Selon l’article 1 de la Convention Internationale des Droits de l’Enfant, « (…) un enfant s'entend de tout être humain âgé de moins de dix-huit ans, sauf si la majorité est atteinte plus tôt en vertu de la législation qui lui est applicable ».
Selon cette même convention, les violences sexuelles à l’encontre des enfants constituent des violations de leurs droits, ainsi « (…) les Etats parties s’engagent à protéger l’enfant contre toutes les formes d’exploitation sexuelle et de violence sexuelle (…) » (article 34).

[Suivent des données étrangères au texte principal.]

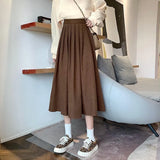 Chic Harajuku High Waist Elastic Pleated Skirt Women Elegant Preppy Style Y2k Skirt Autumn Winter Thick A-line Midi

Bien que la ratification de la Convention Internationale des Droits de l’Enfant fût quasi universelle, l’exploitation sexuelle des enfants (ESE) demeure une réalité au niveau mondial. Ainsi elle n’épargne pas Madagascar, signataire de la convention en 1990.

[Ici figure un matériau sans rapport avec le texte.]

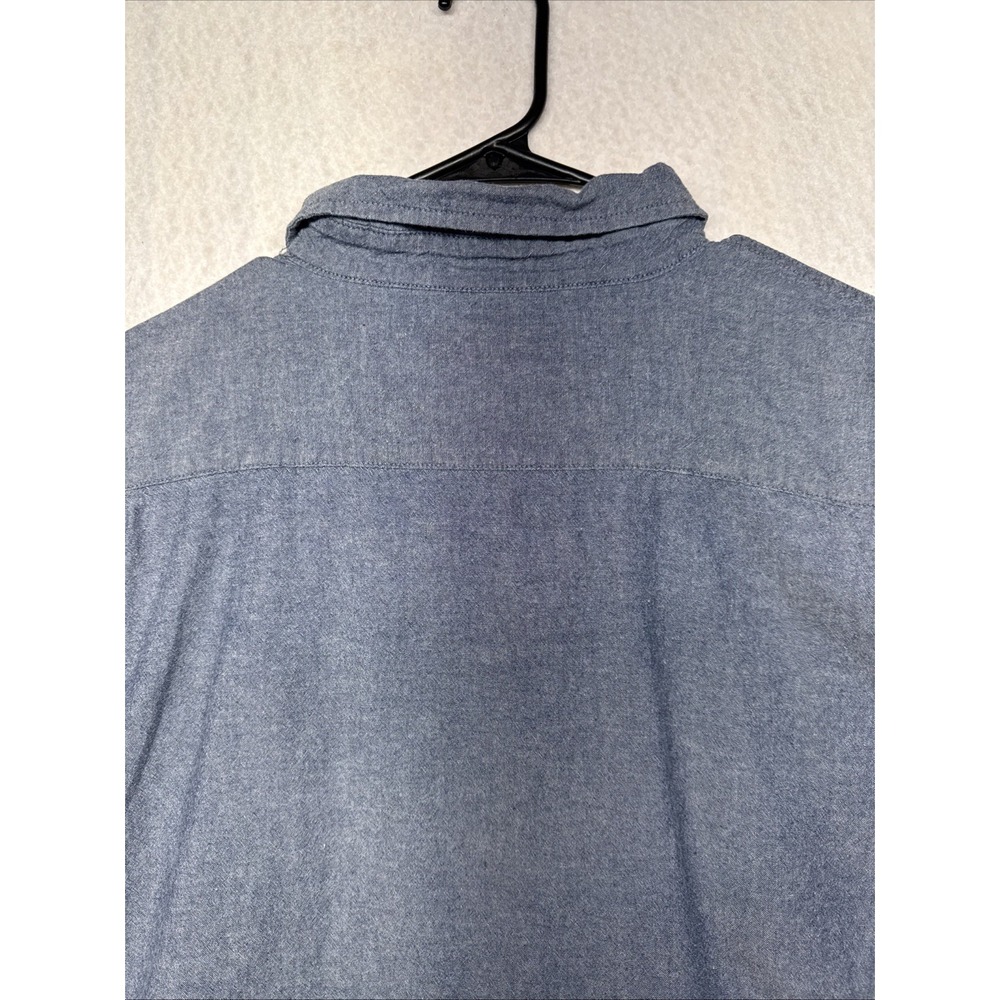 Wrangler Mens Blue Chambray Short Sleeve Button Down Shirt 2XL Cotton Workwear - Picture 7 of 14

Les jeunes filles sont les plus concernées par l’exploitation sexuelle des enfants. Néanmoins, de nombreux garçons sont également touchés. Cela reste plus difficile à identifier car il y a peu d’études à ce sujet et car l’homosexualité est encore mal perçue. Ainsi il est plus difficile pour les garçons de se confier.
Les auteurs d’exploitation sexuelle sur un enfant sont, contrairement à ce que l’on peut penser, des « Mr et Mme tout le monde ». Souvent, dans les cas d’abus sexuel, il s’agit d’une personne connue par l’enfant.
De manière générale, l’exploitation sexuelle des enfants est un sujet d’autant plus délicat à Madagascar que l’évocation de la sexualité fait l’objet de nombreux tabous.